Schon die Richter*innen, die die Untersuchungshaft-Befehle unterschriebenen haben und die Richter*innen, die die Haftprüfungen stets pauschal mit Fluchtgefahr begründet ablehnten, haben sich dem Druck der Politik gebeugt und ihren Teil dazu beigetragen, dass sämtliche G20 Verfahren eben doch politische Prozesse eines rachsüchtigen, immer autoritärer werdenden Polizei-Staates sind. Der Versuch jede Form von Protest und Widerstand mit Hilfe der Strafprozessordnung zu unterdrücken. Das nennt man gemeinhin staatliche Verfolgung.

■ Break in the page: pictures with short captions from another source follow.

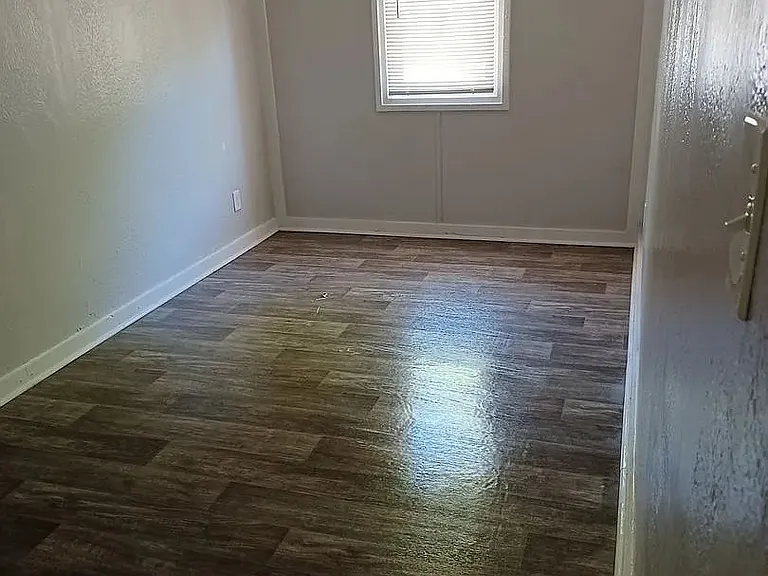700 Neal St NW #3 — Photo 6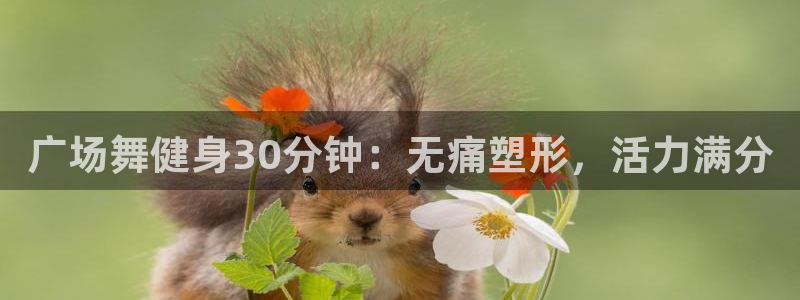 龙8国际免费试玩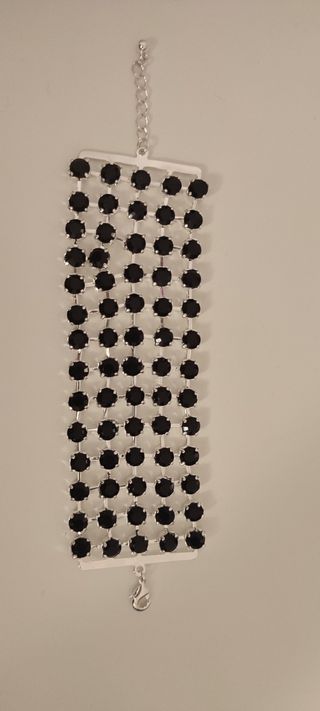 Conjunto bisutería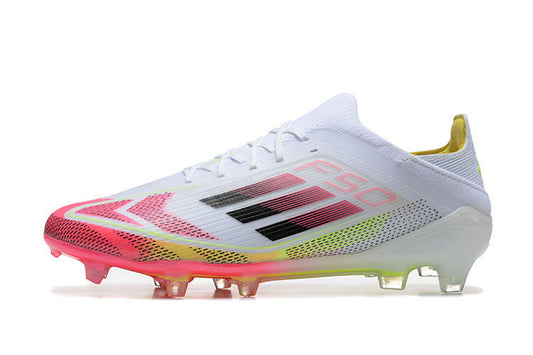 Adidas F50 Elite FG F50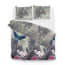 Zo Home Dekbedovertrek Saul Multi 140X200220 zo home kopen in de aanbieding Zo Home Dekbedovertrek Saul Multi 140X200220 zo home kopen in de aanbieding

Nun ist das Amtsgerichtsverfahren gegen Konstantin also beendet und selbstverständlich legt die Verteidigung Berufung ein. Wir werden uns also am Landgericht in ein paar Monaten wohl alle wieder sehen. Aber der junge NoG20 Aktivist kann zumindest nach mehr als 10-monatigem Zwangsaufenthalt in Hamburg, erst einmal wieder nach Hause fahren.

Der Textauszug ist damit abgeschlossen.